If you’ve been around a while (smile), you’ll remember a time when it was fashionable for people to be told to take off their masks and get real with each other. We were told to open up, confess, and be less inhibited. It was for the most part sound counsel as too many people with serious problems tried to go it alone because they were under the impression that’s what they were supposed to do. Gradually, an environment was created where people were encouraged to share their struggles and their lives with others.
You don’t hear much anymore about opening up or sharing what’s inside you with others. That’s because we’re w-a-a-a-y past that point. We live in a world where people say anything, write anything (read the comments posted after articles on the web), and listen to anything. We have talk radio, shock jocks, and television programming that major in speech which is rude, crude, and lewd.
We suffer from word inflation, an overabundance of uncontrolled words. Like too much currency in circulation, the effect of too much speech is that it lessens the value of everything we say. Talk has become cheap—it has been trivialized by too much texting, DMing, Twittering and the like. No generation in history has said more and conveyed less.
The book of Proverbs is part of what’s known as the wisdom literature of the Old Testament. I think its words about words are ripe with instruction for us.
When words are many, sin is not absent,
but he who holds his tongue is wise, (10:19),
The tongue of the wise commends knowledge, but the mouth of the fool gushes folly, (15:2),
A man of knowledge uses words with restraint (17:27).
Nobody wants to go back to the way it was before, but a little balance would be nice. Children say anything to anyone; learning to use words discerningly is part of growing up. There are some things that we don’t need to say and others don’t need to hear (see John 16:12). The problem isn’t too much information—it’s not enough wisdom!
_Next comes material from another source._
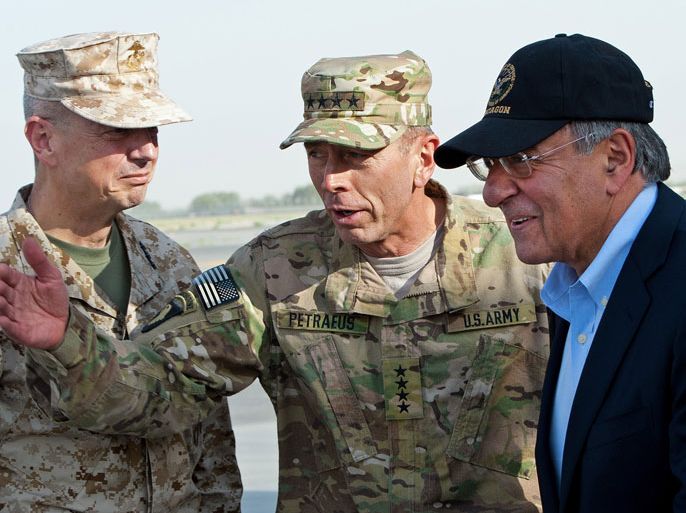 Kabul, -, AFGHANISTAN : (FILES) In this photograph taken on July 9, 2011, US General John Allen (L) and General David Petraeus (C) greet US Secretary of Defence Leon Panetta (R) as he lands in Kabul. The US commander in Afghanistan, General John Allen, is under investigation for "inappropriate" emails to a woman linked to the sex scandal involving former CIA director David Petraeus, a defense official said November 13, 2012. The revelation represented yet another stunning turn in a widening scandal that has jolted Washington only days after the re-election of President Barack Obama, with lawmakers vowing to get to the bottom of case. AFP PHOTO/POOL/PAUL J. RICHARDS/FILES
Years ago people were prodded to extend their boundaries of disclosure by being reminded that they would still be accepted and have the respect of others. Perhaps now we can encourage them to rein it in some by reminding them of another kind of respect—self-respect. Controlling our speech is a dimension of self-control. Without self-control there can be no such thing as self-respect (which is why people with addiction issues struggle so much in this area). People who think through their thoughts and weigh their words do so because they understand their speech reflects upon them and they respect themselves enough that they care about that the same way they care about their general appearance, being on time, and a host of other things. True self-respect is bought at the price of self-control. It doesn’t come any other way.
My dear brothers, take note of this: Everyone should be quick to listen, slow to speak and slow to become angry, (James 1:19).
May the words of my mouth and the meditation of my heart
be pleasing in your sight,
O LORD, my Rock and my Redeemer (Psalm 19:11).